This is a pair of documents used to calculate the statistics behind documents posted on Engineering Archive. The data is collected using the PHP script (modified from here). The jupyter notebook here is used on: https://blog.engrxiv.org/stats/
To use the PHP script
Use the OSF's API (https://developer.osf.io/) to gather a list of papers in engrXiv so we can gather stats.
You will need an Authorization Token (https://developer.osf.io/#tag/Authentication) to make requests.
We use the PHP Curl Class library to handle our GET requests: https://github.com/php-curl-class/php-curl-class
You can pass the token to the script by appending
-p$osf_token to the end of your php command, where
$osf_token is your OSF authorization token.
The Jupyter Notebook
The Jupyter notebook is just a small bit of Python to plot the results that are stored in the CSV file generated by the PHP script.
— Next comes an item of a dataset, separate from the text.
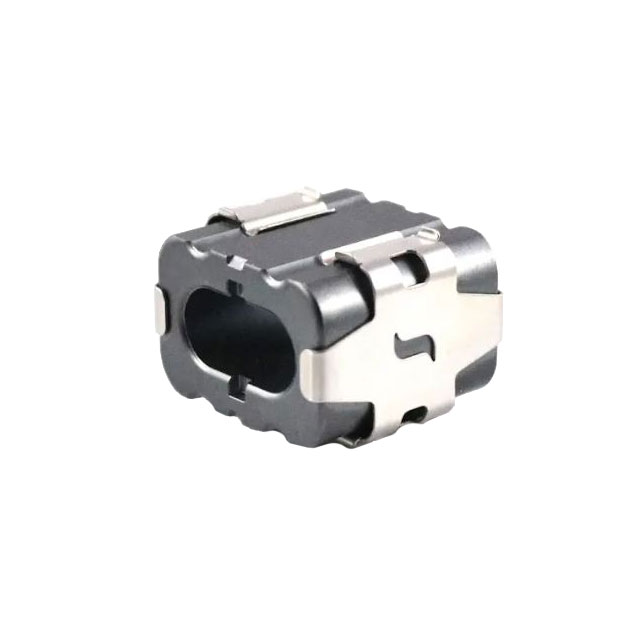 Fair-Rite Products Corp. 0361184751 electronic component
The current data file used in the notebook is hosted here: https://osf.io/ns9yr/
Download all engrXiv files
The bash script
download_engrxiv.sh uses the
engrxiv-papers.csv file which is created using the PHP script, there is an occasionally updated version available on OSF. The CSV file is read using
csvtool and then the primary file for each preprint is downloaded using
wget. Each file is saved as GUID.pdf.